Health & Development
Washington Awarded $25 Million Grant to Expand Home-Visiting Services in At-Risk Communities
Washington is one of 10 states that received a competitive federal grant to expand voluntary home-visiting services to families in some of the state’s most at-risk communities. Over the next three years, Washington is expected to receive about $25 million from the Maternal, Infant, and Early Childhood Home Visiting Program. In the first year, $6.6 million will directly support 545 families in some of the state’s most at-risk communities.
“That Washington won one of these competitive grants speaks to our strong state-level partnerships and the strong support of our Governor and Legislature for home visiting,” said Department of Early Learning Director Bette Hyde. “These dollars will help us serve more families who choose to participate, and in turn help more children in Washington grow up healthy and ready to succeed in school and life.”
Home visits are a voluntary service in which nurses or other trained professionals offer information and support related to healthy child and family development. Depending on the program, these visits in the family’s home can happen during pregnancy up to a child’s fifth birthday. Evidence shows that for families receiving home-based support, their children are born healthier and are less likely to suffer from abuse or neglect.
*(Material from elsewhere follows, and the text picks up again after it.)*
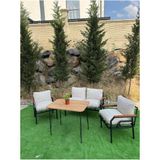 Kutay Bahçe Mobilyası, Balkon Takımı, Çay Seti Koltuk Takımı Cafe Mobilyası 2-1-1 Masalı - Dikdörtgen - 4Lü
Making home visiting available to at-risk families is a key strategy in Washington’s 10-year Early Learning Plan. Right now, only 2 to 11 percent of eligible families receive evidence-based home visiting services. In 2010, the state Legislature created the Home Visiting Services Account as a way to match and leverage public and private dollars to fund, support and evaluate more evidence-based and promising home visiting programs in the state’s most vulnerable communities. As a result – and with today’s award – Washington now invests six times more money in home visiting services than it did just two years ago.